The Storm (1704) is a work of journalism and science reporting by the English author Daniel Defoe. It has been called the first substantial work of modern journalism, the first detailed account of a hurricane in Britain. It relates the events of a week-long storm that hit London starting on 24 November and reaching its height on the night of 26/27 November 1703 (7/8 December 1703 in the Gregorian Calendar). Known as the Great Storm of 1703, and described by Defoe as "The Greatest, the Longest in Duration, the widest in Extent, of all the Tempests and Storms that History gives any Account of since the Beginning of Time." The book was published by John Nutt in mid-1704. It was not a best seller, and a planned sequel never materialised.

==Collection of personal accounts==
Within a week of the storm Defoe placed newspaper ads asking readers to submit personal accounts, of which about sixty were selected and edited by Defoe for the book.

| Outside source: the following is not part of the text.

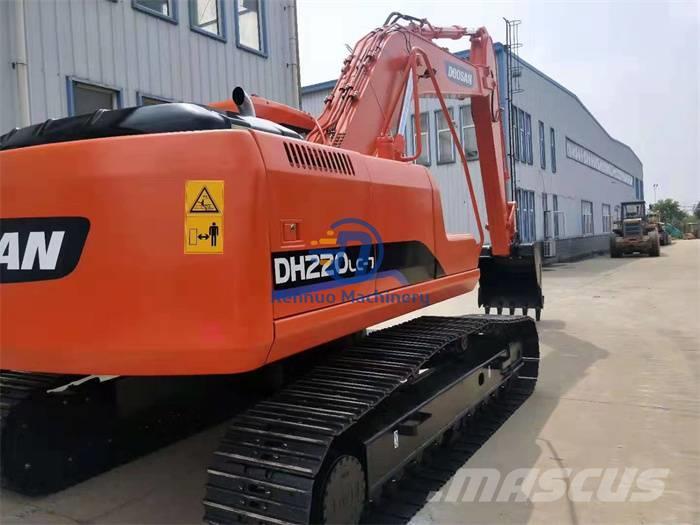 Doosan DH220LC-7 Excavadoras sobre orugas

This was an innovative method for the time, before journalism that relied on first-hand reports was commonplace. Defoe considered the accounts reliable because "most of our Relators have not only given us their Names, and sign'd the Accounts they have sent, but have also given us Leave to hand their Names down to Posterity." The Storm has thus been called the first substantial work of modern journalism.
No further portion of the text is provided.